ABSTRACT
Intrinsically disordered proteins (IDPs) often contain proline residues, which undergo cis/trans isomerisation. While molecular dynamics (MD) simulations have the potential to fully characterise the proline cis and trans sub-ensembles, they are limited by the slow timescales of isomerisation and force field inaccuracies. Nuclear magnetic resonance (NMR) spectroscopy can report on ensemble-averaged observables for both the cis and trans proline states, but a full atomistic characterisation of these sub-ensembles is challenging. Given the importance of proline cis/trans isomerisation for influencing the conformational sampling of disordered proteins, we employed a combination of all-atom MD simulations with enhanced sampling (metadynamics), NMR, and small-angle X-ray scattering (SAXS) to characterise the two sub-ensembles of the ORF6 C-terminal region (ORF6CTR) from SARS-CoV-2 corresponding to the proline-57 (P57) cis and trans states. We performed MD simulations in three distinct force fields: AMBER03ws, AMBER99SB-disp, and CHARMM36m, which are all optimised for disordered proteins. Each simulation was run for an accumulated time of 180-220 µs until convergence was reached, as assessed by blocking analysis. A good agreement between the cis-P57 populations predicted from metadynamics simulations in AMBER03ws was observed with populations obtained from experimental NMR data. Moreover, we observed good agreement between the radius of gyration predicted from the metadynamics simulations in AMBER03ws and that measured using SAXS. Our findings suggest that both the cis-P57 and trans-P57 conformations of ORF6CTR are extremely dynamic and that interdisciplinary approaches combining both multi-scale computations and experiments offer avenues to explore highly dynamic states that cannot be reliably characterised by either approach in isolation.

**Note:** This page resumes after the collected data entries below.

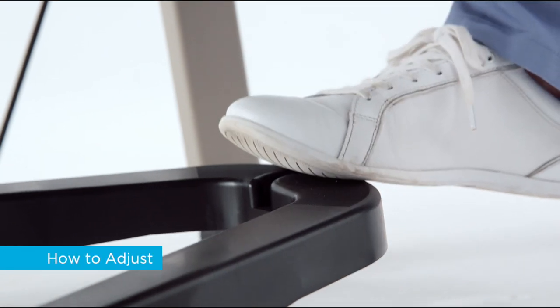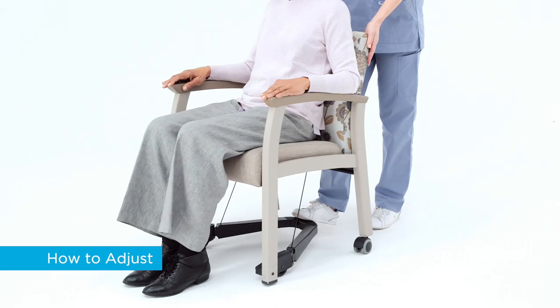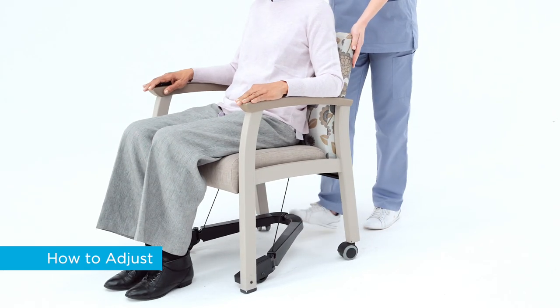To raise the chair for moving, gently press the mechanism with your foot, then slide the chair, release the mechanism, and lower the chair.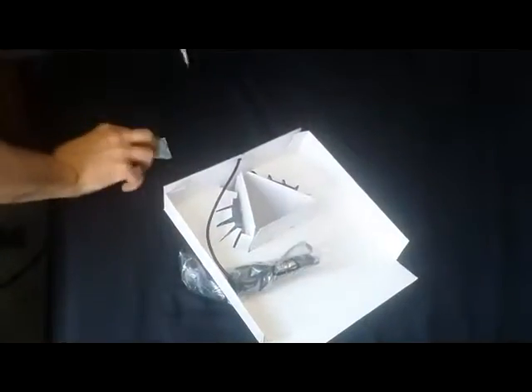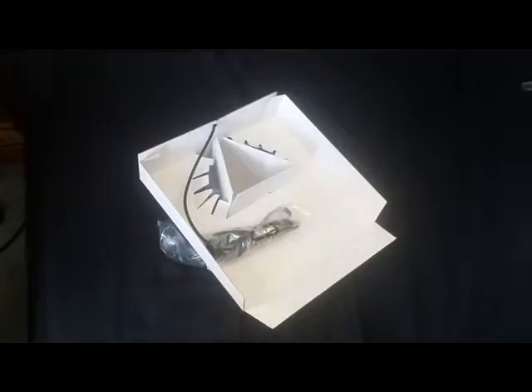Oh, it's got that factory smell — the plastic circuits probably cause cancer. This is just the box, but the box is pretty nice actually, I'll save it and make something out of it. And there's plenty of cable here.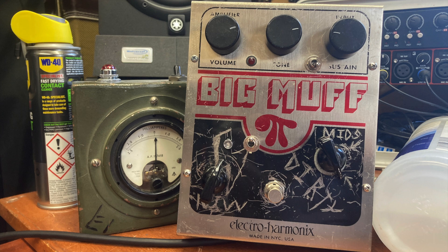Hello and welcome to the Toneless Gear channel. Today I'm going to be taking you through a New York City edition Big Muff modification that I did for a friend. I'm going to take you through the controls from left to right, top to bottom. We've got a volume, a tone and sustain control — those are standard on the Big Muff.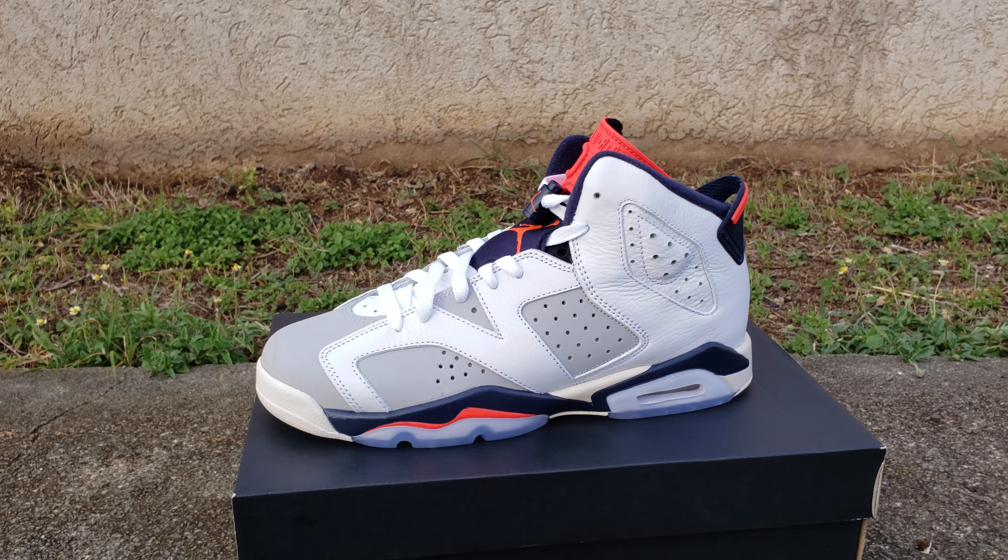Hope everybody had a great weekend — got the shoes you wanted or had a chance to pass and save a little bit of money. Without further ado, let's jump right into this review. I like to do something for everybody. These are the shoes my daughter picked up. I personally would have probably waited because these are going to go on sale, but to each his own. I know some people have small feet, so let's check it out.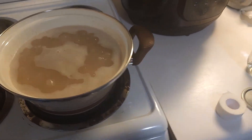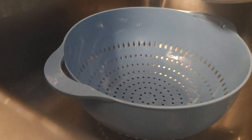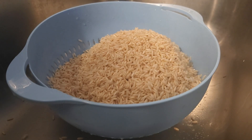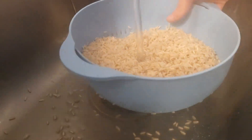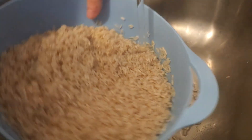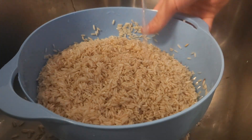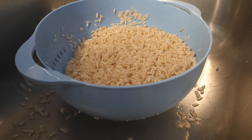With the rice finished, we're going to go ahead and remove it from heat and move it to the sink to drain all of the rice. Now we're going to rinse the rice with cold water to stop the cooking and wash all those starches off. We'll go ahead and leave the rice here to dry for the next 15 minutes.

SIGNIFICANCE This study employs MD simulations (with metadynamics), NMR spectroscopy, and SAXS to elucidate the individual cis and trans proline conformations of ORF6CTR from SARS-CoV-2. The good agreement on proline cis/trans populations observed in experiments (NMR) and those calculated from simulations in the AMBER03ws force field (with SAXS reweighting) showcases the efficiency of this interdisciplinary approach, which can be used to characterise highly dynamic disordered protein states, even for very slow processes. Furthermore, our study emphasises the importance of considering both computational and experimental methodologies to gain a more holistic understanding of highly dynamic proteins. The presented integrative approach sets a precedent for future studies aiming to explore complex and dynamic biological systems with slow transitions such as proline isomerisations.
Competing Interest Statement
The authors have declared no competing interest.